Un design system, même basique, apporte cohérence visuelle, rapidité de développement et meilleure communication entre les développeurs et les personnes produit. Mais trop d'ambition tue l'action : j'ai vu des équipes bloquées pendant des mois à rédiger une "véritable" documentation pendant que le produit restait incohérent. L'objectif ici est de couvrir le minimum utile qui apporte un ROI immédiat.
Principes de conception que j'applique
- Pragmatique : commencer par ce qui bloque le plus (boutons, typographie, couleurs, formulaires).
- Évolutif : penser en petits morceaux réutilisables plutôt qu'en règles globales figées.
- Accessible : respecter des bases d'accessibilité (contrastes, focus, tailles), faciles à tester.
- Collaboratif : documentation vivante et simple à mettre à jour par product managers et devs.
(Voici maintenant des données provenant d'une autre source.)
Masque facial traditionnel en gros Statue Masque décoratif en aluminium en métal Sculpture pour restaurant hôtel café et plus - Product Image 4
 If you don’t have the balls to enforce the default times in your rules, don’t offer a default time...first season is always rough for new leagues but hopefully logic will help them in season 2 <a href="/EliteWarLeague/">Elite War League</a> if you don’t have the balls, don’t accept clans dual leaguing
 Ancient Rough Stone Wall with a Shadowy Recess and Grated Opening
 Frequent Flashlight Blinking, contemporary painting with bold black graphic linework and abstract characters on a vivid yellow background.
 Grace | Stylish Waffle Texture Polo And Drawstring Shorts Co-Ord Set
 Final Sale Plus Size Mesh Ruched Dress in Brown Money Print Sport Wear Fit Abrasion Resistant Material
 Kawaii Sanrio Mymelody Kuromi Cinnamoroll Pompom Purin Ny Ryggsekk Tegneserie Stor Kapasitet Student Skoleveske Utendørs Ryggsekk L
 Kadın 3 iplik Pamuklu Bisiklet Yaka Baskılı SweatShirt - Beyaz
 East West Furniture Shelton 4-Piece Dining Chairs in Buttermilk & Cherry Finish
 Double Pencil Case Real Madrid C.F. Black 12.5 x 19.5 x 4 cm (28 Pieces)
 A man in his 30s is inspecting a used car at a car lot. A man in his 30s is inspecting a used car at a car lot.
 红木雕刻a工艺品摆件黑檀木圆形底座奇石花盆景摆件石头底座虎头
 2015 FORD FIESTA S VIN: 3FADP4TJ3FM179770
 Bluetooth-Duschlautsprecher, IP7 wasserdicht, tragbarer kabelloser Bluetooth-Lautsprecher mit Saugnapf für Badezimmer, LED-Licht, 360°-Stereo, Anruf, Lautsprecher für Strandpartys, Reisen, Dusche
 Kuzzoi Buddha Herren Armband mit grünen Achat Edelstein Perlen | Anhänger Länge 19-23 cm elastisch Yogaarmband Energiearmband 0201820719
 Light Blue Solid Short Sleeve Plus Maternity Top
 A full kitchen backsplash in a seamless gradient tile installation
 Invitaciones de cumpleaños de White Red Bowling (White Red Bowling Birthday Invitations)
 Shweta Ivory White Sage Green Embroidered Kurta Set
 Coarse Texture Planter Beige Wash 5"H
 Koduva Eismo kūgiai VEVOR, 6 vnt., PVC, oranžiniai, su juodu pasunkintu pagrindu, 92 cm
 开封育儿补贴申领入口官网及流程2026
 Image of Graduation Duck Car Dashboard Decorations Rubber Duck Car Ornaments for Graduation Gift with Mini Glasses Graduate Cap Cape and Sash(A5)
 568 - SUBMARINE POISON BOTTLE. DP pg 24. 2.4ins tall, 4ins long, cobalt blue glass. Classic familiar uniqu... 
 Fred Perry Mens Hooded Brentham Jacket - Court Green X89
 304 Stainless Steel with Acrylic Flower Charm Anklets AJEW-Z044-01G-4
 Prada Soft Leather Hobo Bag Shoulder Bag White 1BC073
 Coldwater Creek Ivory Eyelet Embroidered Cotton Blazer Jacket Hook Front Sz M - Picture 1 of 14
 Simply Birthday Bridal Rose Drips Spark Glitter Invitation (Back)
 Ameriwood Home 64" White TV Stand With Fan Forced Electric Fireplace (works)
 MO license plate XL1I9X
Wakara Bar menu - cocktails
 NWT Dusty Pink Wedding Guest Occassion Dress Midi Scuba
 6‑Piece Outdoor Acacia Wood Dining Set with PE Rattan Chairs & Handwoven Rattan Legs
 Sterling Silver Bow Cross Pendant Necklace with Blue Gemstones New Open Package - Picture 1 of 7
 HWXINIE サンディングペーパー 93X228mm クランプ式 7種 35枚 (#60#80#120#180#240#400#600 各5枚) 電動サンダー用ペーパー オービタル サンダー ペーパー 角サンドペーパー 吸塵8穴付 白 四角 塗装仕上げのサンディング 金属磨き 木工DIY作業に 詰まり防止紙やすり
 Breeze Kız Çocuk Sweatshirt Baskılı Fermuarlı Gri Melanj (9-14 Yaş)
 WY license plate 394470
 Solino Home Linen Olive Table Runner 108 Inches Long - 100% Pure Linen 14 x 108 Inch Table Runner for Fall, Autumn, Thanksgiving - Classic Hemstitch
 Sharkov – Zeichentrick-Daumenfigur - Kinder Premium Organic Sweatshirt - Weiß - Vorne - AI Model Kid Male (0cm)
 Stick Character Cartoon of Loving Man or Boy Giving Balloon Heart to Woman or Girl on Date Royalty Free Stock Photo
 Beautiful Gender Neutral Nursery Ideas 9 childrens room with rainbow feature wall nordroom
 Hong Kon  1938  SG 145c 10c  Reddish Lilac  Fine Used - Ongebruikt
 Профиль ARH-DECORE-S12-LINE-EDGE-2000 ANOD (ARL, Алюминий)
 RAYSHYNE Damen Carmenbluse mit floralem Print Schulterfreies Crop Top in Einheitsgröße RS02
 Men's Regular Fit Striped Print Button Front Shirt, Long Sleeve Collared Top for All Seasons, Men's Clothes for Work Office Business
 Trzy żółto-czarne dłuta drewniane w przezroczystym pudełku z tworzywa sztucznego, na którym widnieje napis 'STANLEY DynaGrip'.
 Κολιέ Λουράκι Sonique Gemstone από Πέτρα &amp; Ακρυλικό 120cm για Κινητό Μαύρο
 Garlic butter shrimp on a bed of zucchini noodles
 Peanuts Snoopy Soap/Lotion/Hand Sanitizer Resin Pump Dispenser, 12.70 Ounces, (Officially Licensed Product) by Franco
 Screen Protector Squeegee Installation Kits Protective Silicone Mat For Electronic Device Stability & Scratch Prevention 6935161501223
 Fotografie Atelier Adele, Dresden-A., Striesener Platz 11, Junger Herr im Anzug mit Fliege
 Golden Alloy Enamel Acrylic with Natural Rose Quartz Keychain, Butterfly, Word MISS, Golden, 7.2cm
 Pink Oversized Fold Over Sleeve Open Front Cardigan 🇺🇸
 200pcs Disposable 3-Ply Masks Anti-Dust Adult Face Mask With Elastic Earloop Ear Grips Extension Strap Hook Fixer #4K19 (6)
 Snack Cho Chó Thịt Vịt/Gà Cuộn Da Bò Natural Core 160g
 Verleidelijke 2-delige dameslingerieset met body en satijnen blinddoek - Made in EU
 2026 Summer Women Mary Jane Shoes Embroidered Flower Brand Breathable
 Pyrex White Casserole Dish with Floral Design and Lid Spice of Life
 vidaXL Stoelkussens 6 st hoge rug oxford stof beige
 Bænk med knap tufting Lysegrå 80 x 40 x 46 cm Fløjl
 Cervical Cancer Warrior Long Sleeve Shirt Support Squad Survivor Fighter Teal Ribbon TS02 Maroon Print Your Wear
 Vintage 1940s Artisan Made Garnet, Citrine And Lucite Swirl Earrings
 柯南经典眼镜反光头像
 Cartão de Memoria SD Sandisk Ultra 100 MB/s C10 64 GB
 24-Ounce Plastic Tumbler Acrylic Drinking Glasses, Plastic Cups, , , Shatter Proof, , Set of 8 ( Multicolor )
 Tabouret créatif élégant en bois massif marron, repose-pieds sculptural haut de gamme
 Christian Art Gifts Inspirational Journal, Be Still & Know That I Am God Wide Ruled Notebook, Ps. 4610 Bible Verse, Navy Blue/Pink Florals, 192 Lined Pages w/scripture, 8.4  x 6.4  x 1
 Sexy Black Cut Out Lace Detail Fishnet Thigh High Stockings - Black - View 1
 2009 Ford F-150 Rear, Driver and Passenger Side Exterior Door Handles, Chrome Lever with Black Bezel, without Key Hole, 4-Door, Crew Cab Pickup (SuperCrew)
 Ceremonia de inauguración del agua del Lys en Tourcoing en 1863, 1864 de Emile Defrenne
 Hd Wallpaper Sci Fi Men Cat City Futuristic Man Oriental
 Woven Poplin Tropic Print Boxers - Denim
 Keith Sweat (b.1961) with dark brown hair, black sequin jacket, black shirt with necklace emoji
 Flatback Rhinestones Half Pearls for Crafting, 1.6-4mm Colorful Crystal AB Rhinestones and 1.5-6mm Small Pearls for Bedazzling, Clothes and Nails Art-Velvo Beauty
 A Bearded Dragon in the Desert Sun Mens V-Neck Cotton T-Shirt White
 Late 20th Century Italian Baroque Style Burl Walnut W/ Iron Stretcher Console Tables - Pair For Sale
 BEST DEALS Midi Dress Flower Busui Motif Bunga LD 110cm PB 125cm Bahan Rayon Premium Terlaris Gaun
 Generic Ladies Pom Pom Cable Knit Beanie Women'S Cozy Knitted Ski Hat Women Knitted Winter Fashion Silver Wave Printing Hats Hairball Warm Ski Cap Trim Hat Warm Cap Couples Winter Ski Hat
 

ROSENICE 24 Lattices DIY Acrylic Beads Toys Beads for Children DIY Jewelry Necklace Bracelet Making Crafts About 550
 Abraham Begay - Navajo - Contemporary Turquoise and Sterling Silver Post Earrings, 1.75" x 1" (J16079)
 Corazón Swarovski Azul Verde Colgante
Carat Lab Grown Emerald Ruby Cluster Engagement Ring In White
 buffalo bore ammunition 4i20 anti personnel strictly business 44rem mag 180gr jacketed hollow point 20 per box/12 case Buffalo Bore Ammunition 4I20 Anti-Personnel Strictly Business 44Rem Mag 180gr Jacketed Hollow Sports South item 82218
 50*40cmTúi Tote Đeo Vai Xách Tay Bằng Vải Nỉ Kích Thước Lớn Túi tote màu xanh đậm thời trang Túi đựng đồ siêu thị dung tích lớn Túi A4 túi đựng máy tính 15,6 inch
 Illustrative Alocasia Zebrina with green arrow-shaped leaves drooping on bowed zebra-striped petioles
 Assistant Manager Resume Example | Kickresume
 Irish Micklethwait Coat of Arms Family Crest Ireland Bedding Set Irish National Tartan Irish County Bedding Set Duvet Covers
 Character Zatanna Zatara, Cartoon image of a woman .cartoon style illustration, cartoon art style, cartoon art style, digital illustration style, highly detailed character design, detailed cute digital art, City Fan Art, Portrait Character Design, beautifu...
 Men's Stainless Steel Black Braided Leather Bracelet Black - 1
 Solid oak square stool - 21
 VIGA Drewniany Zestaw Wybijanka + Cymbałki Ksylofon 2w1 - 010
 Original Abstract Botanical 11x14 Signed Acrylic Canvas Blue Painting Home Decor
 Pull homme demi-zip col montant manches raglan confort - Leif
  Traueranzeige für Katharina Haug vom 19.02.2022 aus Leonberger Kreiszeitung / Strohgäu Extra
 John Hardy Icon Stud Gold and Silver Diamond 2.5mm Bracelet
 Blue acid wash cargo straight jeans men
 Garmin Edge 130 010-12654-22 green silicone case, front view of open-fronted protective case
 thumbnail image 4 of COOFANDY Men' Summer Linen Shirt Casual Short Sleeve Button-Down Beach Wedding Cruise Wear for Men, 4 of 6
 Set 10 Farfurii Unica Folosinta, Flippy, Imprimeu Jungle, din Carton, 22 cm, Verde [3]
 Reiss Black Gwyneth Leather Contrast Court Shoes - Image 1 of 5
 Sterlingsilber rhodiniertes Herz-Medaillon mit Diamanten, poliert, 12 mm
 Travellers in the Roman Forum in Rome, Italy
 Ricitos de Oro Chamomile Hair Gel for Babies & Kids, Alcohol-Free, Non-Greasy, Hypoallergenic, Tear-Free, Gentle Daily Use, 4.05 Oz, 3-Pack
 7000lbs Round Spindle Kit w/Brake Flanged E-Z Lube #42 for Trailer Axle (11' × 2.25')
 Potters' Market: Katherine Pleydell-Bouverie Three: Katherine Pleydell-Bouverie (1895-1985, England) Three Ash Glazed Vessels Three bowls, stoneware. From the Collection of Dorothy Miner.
Étape 1 — Cartographier la réalité produit
Avant toute chose, je fais un mini-audit : parcours utilisateur principaux, composants répétitifs et points de friction. En 1 à 2 jours, je collecte :
- captures d'écran des interfaces clés
- liste des composants réutilisés (boutons, inputs, cards, modals, toasts)
- variations réellement utilisées (primary/secondary/danger, outline)
- copies d'interaction (messages d'erreur, labels)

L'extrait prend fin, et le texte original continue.